Maybe some big pirate needs to be made example of by the government, then this might bring more awareness.. even though it would be forced awareness.


----------



## hsr (May 25, 2012)

I have justified my use of pirated Photoshop, considering my use, as a small time designer and once in a year magazine editor, $199 is too much to ask. If it was priced $50 or less, I would have definitely bought it. I too still depend on my parents for money to buy stuff. Tell them that I need 13 thousand for a software and I can see the Titans unleashed. And I certainly do not want to use Gimp and other free alternatives because the results will not be the same, and no one has yet produced a free software that is near the potential of Photoshop.


----------



## Anorion (May 25, 2012)

microtransactions 
you pay only for the features of the software you use 

subscription
you pay for using the software for specific amounts of time

coming soon


----------



## hsr (May 25, 2012)

microtransactions is an old idea which failed to seed. But take case of steam, it is selling products less than $10 and at times premium products too.


----------



## Liverpool_fan (May 25, 2012)

The way people shamelessly pirate Photoshop and MS Office is precisely the reason why those tools have the monopoly.
Because of those idiots who pirate and use MS Office, _my_ freedom of using ODF is lost and _I_ have to face problems with formatting of MS Office documents. With absolutely no fault of mine.

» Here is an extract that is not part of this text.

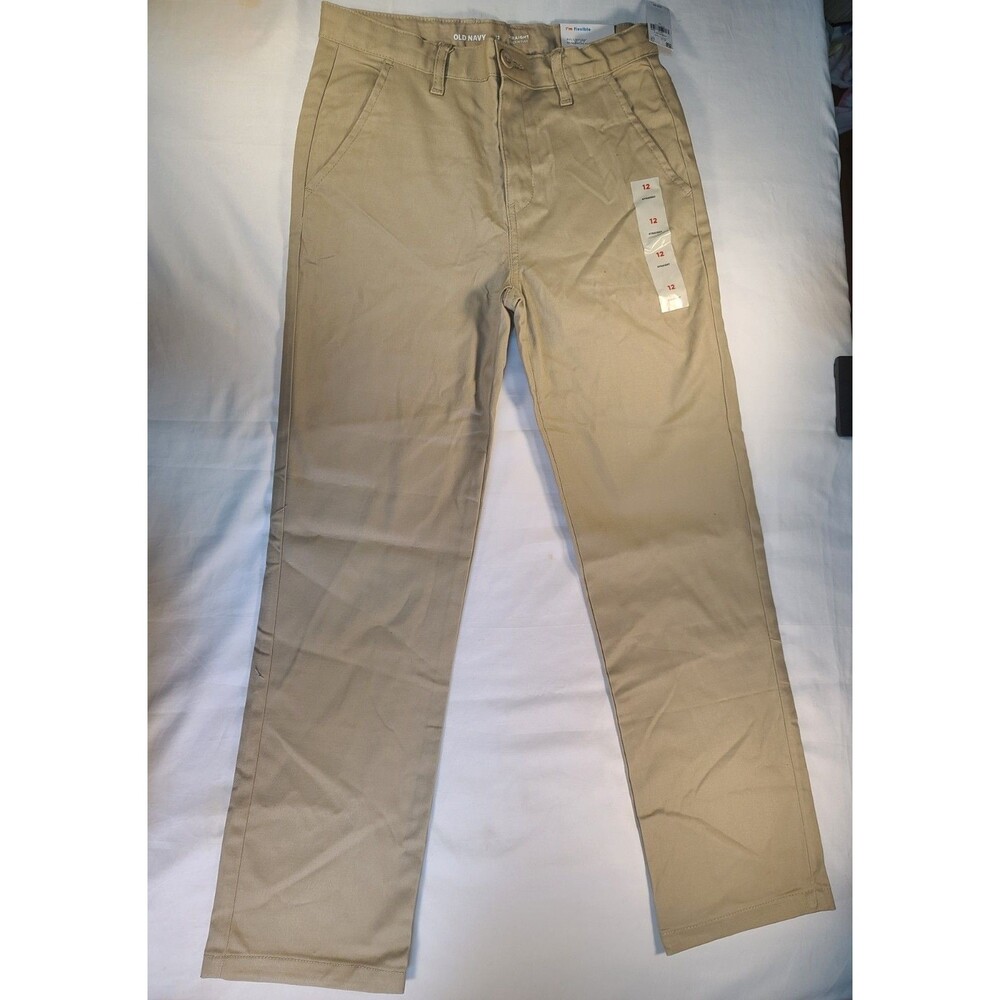 Old Navy Boys Size 12 Straight Built-In Flex Khaki Pants NWT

Bet who vouch for PS and other stuff, have not even laid their hands to other tools. Corel Paint Shop Pro is like $50, one can afford it, for instance. But no let's make excuses and continue pirating and be "proud" of it. Might not serve all purposes, but considering how those lol guys use the software, even Paint.NET will be enough for them. And for the microscopic minority who actually make full use of it while pirating it, should eventually buy it considering the productivity they have derived from it before they spend lakhs on rigs or Nokia Lumias.

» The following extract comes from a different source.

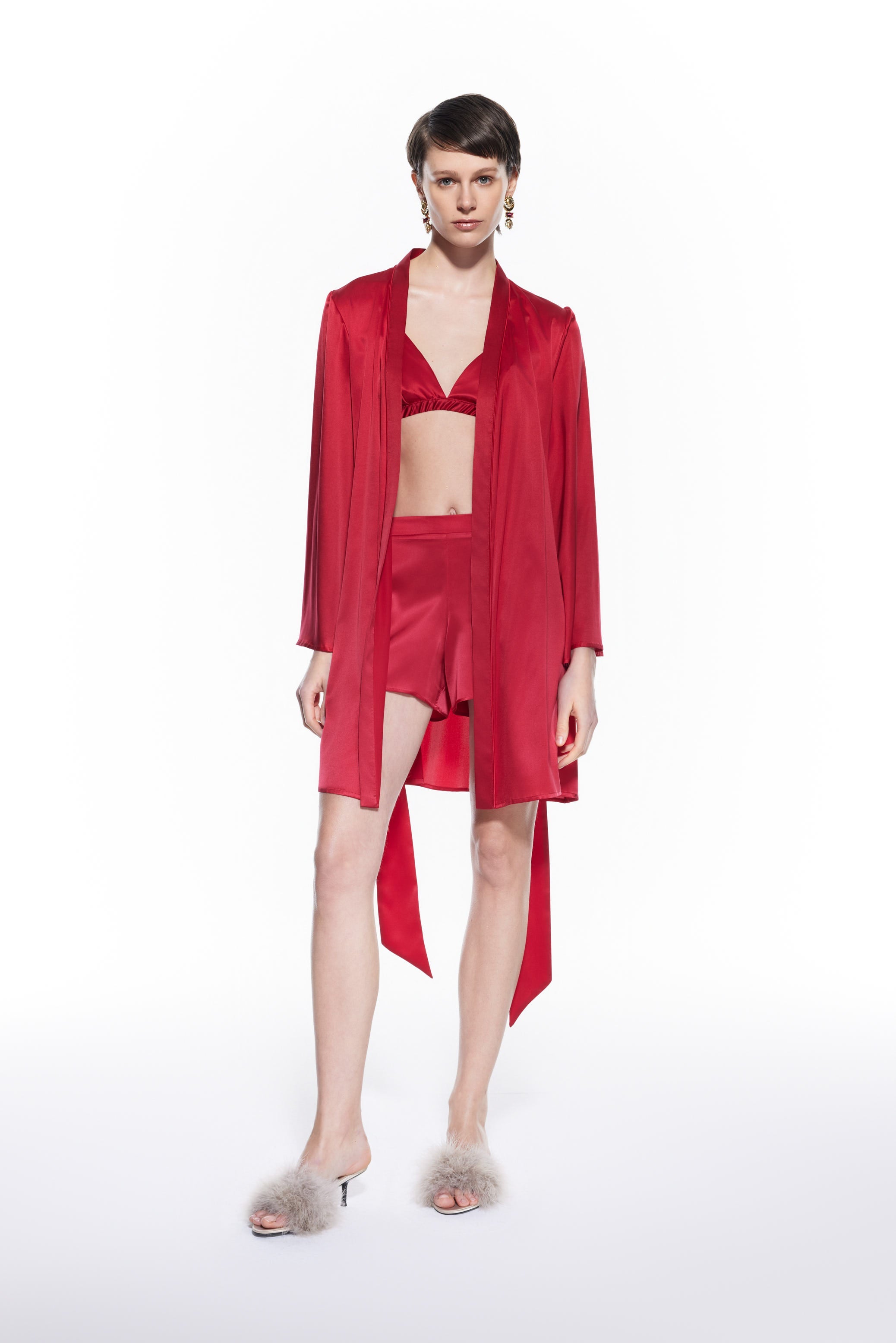 Dian Red Silk Short Robe.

Windows Home Basic is around 5k and you can even get cheaper. Heck you can even get student discounts, and other stuff. And even better, you can use Linux. You don't have too look at Windows 7 Ultimate and then claim it's overpriced and justify your piracy. 

Ordinary people who are ignorant and less understanding of software, I can ok they are clueless and hence they pirate; but when these so called techies pirate willingly knowing all the implications, spending a lakh on a rig and mobiles and still pirating, I can only wish one thing to them, hope all your hardware goes to smoke.


----------



## theserpent (May 25, 2012)

1)Exactly.Sometimes when my friends ask how much i paid for this.Ill say this this much.They'll be like you can get it for 60 bucks p***te it.Ill be like no,you dont get many feature's blah blah.
2)Some people feel its useless to pay for apps.Yes,If these people started buying Original stuff from beginning none of this would ever happen.
3)They regard "Yeah i downloaded a Pir*** app.Im a hacker .Now,all people will think im so great when i give them these stuff"



hsr said:


> In India, most of the regular users and almost 3/4 of the gaming population is teenagers and kids. They get their dream phone or dream computer after months or weeks of pursuing their parents. Once they have them, no one will be obviously eager to spend any more on apps and games. The thing is that, people are willing to pay 1000 bucks a month for internet, 500 per month for 3g, and endless amounts for 'hanging' out and 'chilling'.
> *Social status is what matters, if one goes with his friends and buys him a single license game, and plays it, soon the friends will disappear*. They are willing to pay that much so that they live a 'cool' lifestyle. The Indian youth has considered buying software 'weak' and not worthy. Cracking and breaking is their hip.
> I have no pirated applications in my phone or pc(except Adobe Photoshop - costs $199 same as my phone's price). I do pirate music because NONE of my music preferences are available as hard copies in my state.
> 
> Everyone claim they are jailbreaking/rooting/hacking their phone OS for developer purposes and overclocking, but the sad truth is apks and ipas



Exactly once my friend was asking me for some of my cd's I said i dont have any games in my computer.Before he came i even put my games to * Hidden*.
And gave him games That dont require CD-KEY.(That was AC 1).
God sometimes its so hard to explain them.
Or sometimes they might ask you to pass the Apps to them.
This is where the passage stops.